Question

The square loop in the figure has sides of length $20\text{cm}$. It has $5$ turns and carries a current of $2\text{A}$. The normal to the loop is at ${37}^{\circ }$ to a uniform field $\overrightarrow{B}=0.5\hat{j}\text{T}$. Find the magnetic moment.
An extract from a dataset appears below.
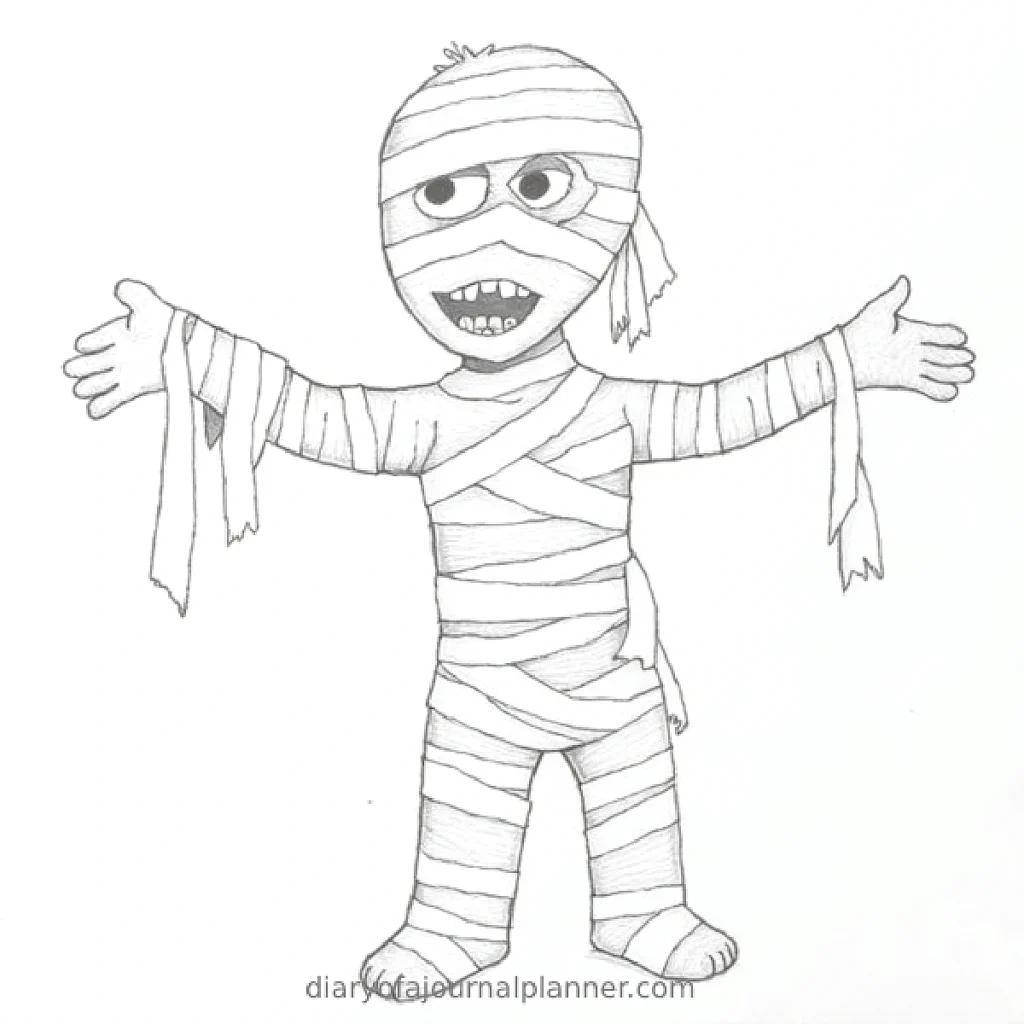 Cartoon mummy character sketch with outstretched arms, covered in bandages. Halloween illustration.
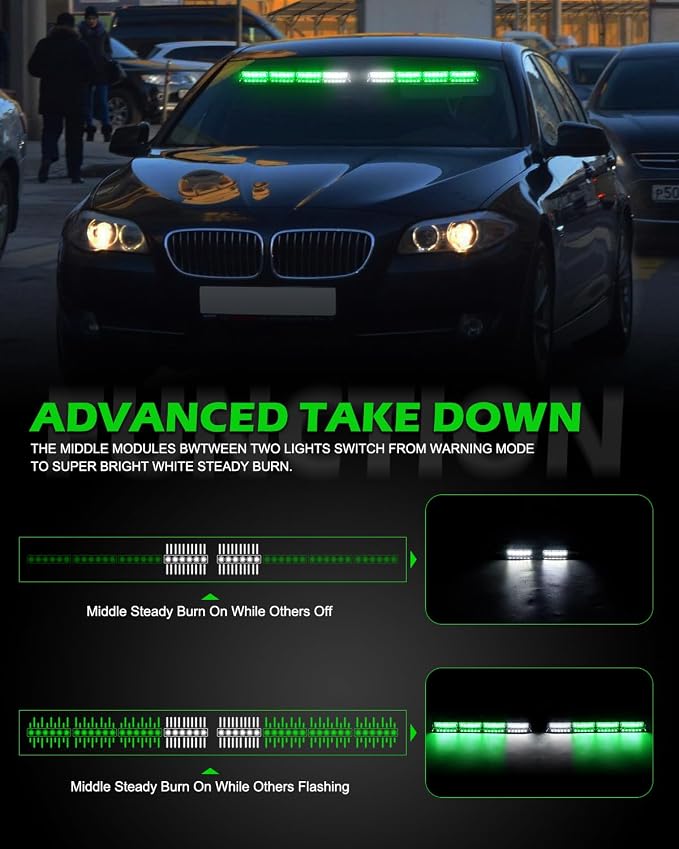 HLauto 604N Emergency Dash Strobe Lights: 2x16.8 inch Green Security Light w/Take Down, 48 LED Safety Flashing Warning Hazard Interior Windshield Light Bar for Truck Vehicle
• A. $(-0.24\hat{i}+0.32\hat{j}){\text{Am}}^2$
• B. $(0.24\hat{i}+0.32\hat{j}){\text{Am}}^2$
• C. $(-0.24\hat{i}-0.32\hat{j}){\text{Am}}^2$
• D. $(0.24\hat{i}-0.32\hat{j}){\text{Am}}^2$

Answer 1

The correct option is A $(-0.24\hat{i}+0.32\hat{j}){\text{Am}}^2$

We redraw the diagram from a different perspective, the top view shown in figure.

From the figure, we see that the unit vector normal to loop,

$\hat{n}=-\sin {37}^{\circ }\hat{i}+\cos {37}^{\circ }\hat{j}=-0.6\hat{i}+0.8\hat{j}$

The magnetic moment is,

$\overrightarrow{\mu }=NIA\hat{n}=\left(5\right)\times \left(2\right)\times \left(0.2{)}^2\right(-0.6\hat{i}+0.8\hat{j})$

$\therefore \overrightarrow{\mu }=(-0.24\hat{i}+0.32\hat{j}){\text{Am}}^2$

Hence, option $\left(a\right)$ is the correct answer.